Records from a data collection

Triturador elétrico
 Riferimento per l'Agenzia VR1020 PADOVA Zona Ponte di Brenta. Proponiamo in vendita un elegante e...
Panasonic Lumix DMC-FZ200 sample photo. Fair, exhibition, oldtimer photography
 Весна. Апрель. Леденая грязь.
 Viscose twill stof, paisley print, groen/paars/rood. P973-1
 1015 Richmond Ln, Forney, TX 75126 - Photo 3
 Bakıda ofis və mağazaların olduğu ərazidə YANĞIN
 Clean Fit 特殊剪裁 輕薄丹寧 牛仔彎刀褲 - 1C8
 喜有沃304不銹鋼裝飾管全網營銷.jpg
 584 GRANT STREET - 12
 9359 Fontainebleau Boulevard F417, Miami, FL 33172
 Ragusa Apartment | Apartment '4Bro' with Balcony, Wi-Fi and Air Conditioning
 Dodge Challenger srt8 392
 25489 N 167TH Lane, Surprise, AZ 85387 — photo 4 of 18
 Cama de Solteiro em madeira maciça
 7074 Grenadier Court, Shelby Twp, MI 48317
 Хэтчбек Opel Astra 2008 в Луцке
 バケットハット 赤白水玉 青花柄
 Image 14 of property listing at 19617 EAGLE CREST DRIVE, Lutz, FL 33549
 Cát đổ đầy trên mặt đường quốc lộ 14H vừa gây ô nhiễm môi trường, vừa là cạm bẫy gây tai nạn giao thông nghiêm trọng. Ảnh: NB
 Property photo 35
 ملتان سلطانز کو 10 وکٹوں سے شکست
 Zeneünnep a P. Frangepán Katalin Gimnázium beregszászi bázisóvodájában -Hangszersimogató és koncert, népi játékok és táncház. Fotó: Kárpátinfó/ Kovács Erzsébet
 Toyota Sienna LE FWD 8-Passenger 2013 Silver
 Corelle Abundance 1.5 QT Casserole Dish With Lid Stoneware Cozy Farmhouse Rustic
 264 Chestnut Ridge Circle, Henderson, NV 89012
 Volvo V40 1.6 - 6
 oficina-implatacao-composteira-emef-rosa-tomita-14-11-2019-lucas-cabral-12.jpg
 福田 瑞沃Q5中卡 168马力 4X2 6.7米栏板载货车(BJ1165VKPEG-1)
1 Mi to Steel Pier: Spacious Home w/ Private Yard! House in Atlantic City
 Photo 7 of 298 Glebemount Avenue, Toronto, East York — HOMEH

▶ **Work request**
Please copy exactly, and only, the lines from the line containing "264 Chestnut Ridge" through the last line of the records, with both ends included.

▶ **Output for this exercise**
 264 Chestnut Ridge Circle, Henderson, NV 89012
 Volvo V40 1.6 - 6
 oficina-implatacao-composteira-emef-rosa-tomita-14-11-2019-lucas-cabral-12.jpg
 福田 瑞沃Q5中卡 168马力 4X2 6.7米栏板载货车(BJ1165VKPEG-1)
1 Mi to Steel Pier: Spacious Home w/ Private Yard! House in Atlantic City
 Photo 7 of 298 Glebemount Avenue, Toronto, East York — HOMEH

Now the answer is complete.